How to understand--and protect oneself from--the total surveillance state
We are all constantly being spied on--and we know it. A 2015 Pew Research Center survey found that 80% believe we should be concerned about government monitoring of our phone and Internet communication, and more than 90% understand that we have lost control over how our personal information is collected and used by corporations. And yet, in the wake of the Paris attacks by ISIS, the director of the CIA angrily complained about "hand-wringing" over privacy and civil liberties, promising more not less global surveillance.

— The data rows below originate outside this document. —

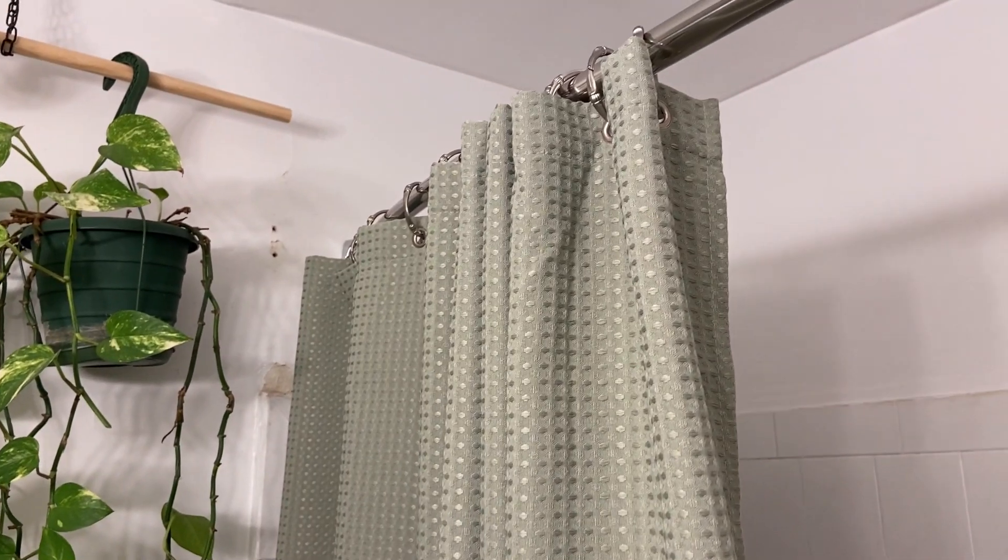Check out this Dynamine Sage Green Shower Curtain. Hey there, it's Kevin and I do honest and unbiased reviews — I hope you'll give this video a thumbs up if you find it helpful.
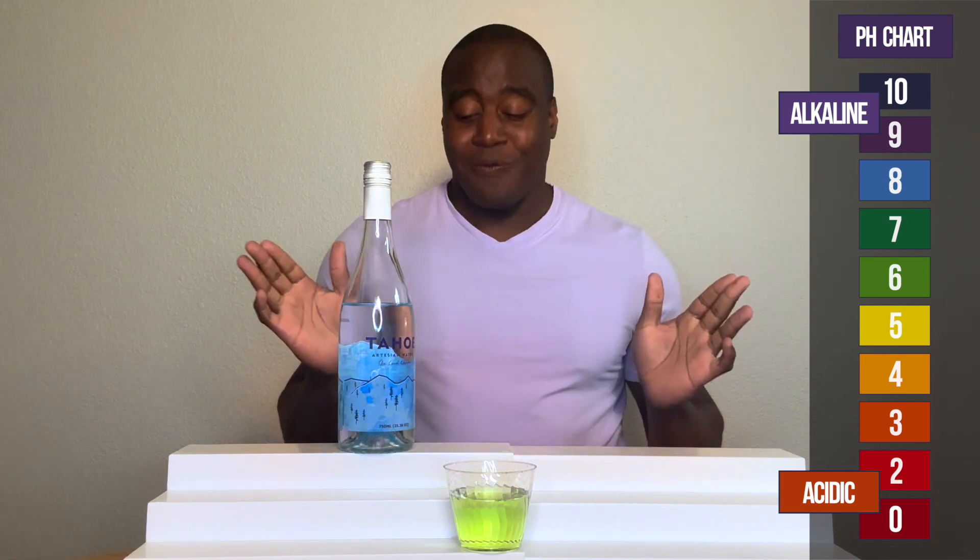I have a full review on this water that's going to absolutely blow your mind. It's to my left or right — check that out. See you over there real soon. Thank you for watching this video and I'll see you in just a moment.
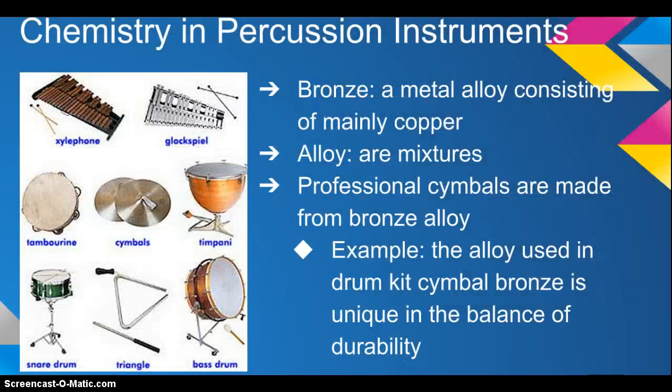Chemistry and percussion instruments. Bronze is a metal alloy consisting of mainly copper. Alloys are mixtures, which means the different components do not form new molecules together. This is in contrast to compounds, which involve chemical reactions that combine different elements to create new substances.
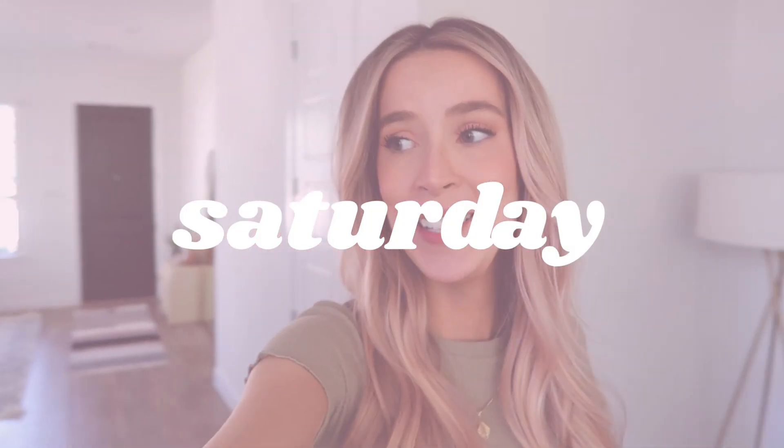Hey guys, it's Saturday and it's already 3:30 and I'm just starting vlogging. I'm about to start a slow cooker recipe I've never done before, suggested by one of you guys on Instagram. Holly, thank you so much for this recipe — it's smothered chicken burritos. I haven't been feeling very good today. I've been feeling really nauseous yesterday and today because I had to double my dose of my medicine.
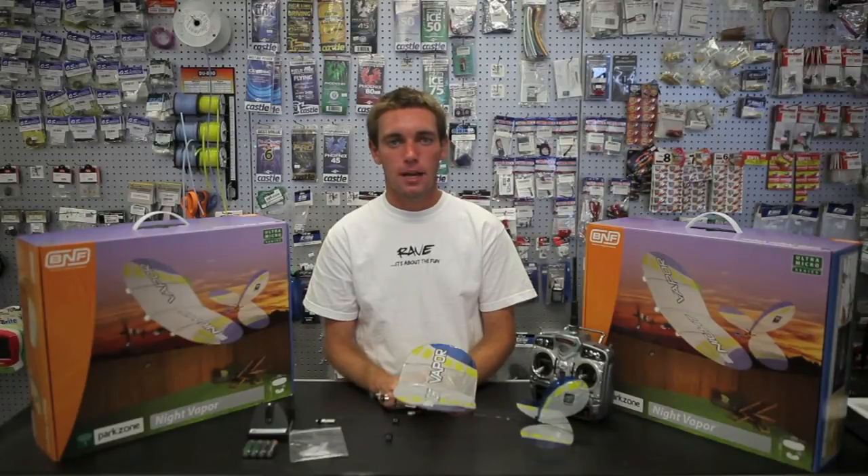That concludes the What's in the Box video for the Park Zone Night Vapor. I'm Nick Maxwell and you can purchase yours at PowerRCHobbies.com. Thanks for watching.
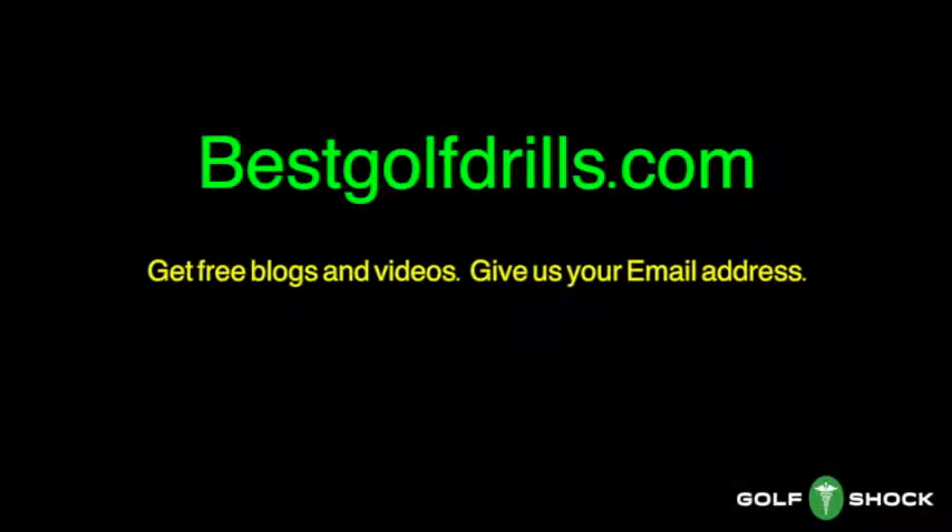If you need help with how your arms work and also need to get some exercise, go to proswingband.com and find out more. If you enjoyed this presentation, go to bestgolfdrills.com — we will give you free blogs and videos. Give us your email address and we will send you one every couple of weeks. We'll see you next time. Have a great day.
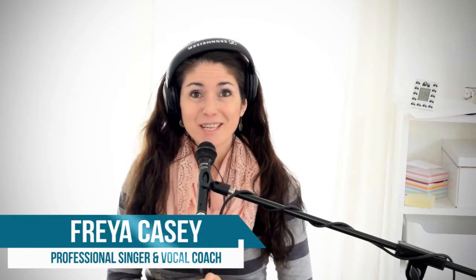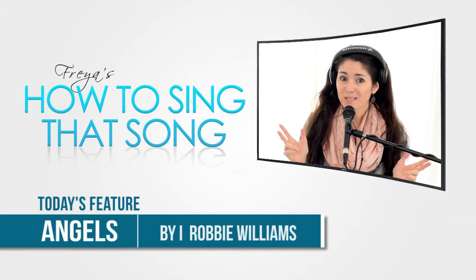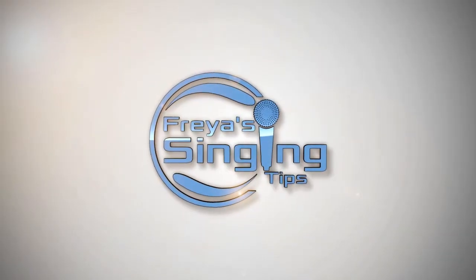Hi and welcome to another edition of How to Sing That Song. Today we're going to go through Robbie Williams's Angels. It's an awesome song and it's quite often requested for weddings, whether it be the ceremony or the party in the evening. We use it oftentimes with a band as a closing song and dedicate it to the couple, the groom and bride.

Here is a practical guide to protecting our data--ourselves--from state and corporate intrusion, and a political guide that explains the reasons for and the extent of the erosion of privacy. Discussing flashpoints over surveillance and dissidence from the Arab spring to Occupy to Edward Snowden's revelations, and written by award-winning journalists, this book provides a step-by-step guide and an accessible explanation of a seemingly technical and bewildering subject.
About the Author
Osman Kibar is an award-winning journalist covering security, privacy, surveillance, and hacking. He is an investigative staff reporter with Dagens Naeringsliv, the national daily newspaper based in Oslo, Norway. He was chosen as one of 50 people on Wired Magazine's "Smart List" of 2013 as "persons who will shape our future" for his coverage of the rise of surveillance and its political and social implications.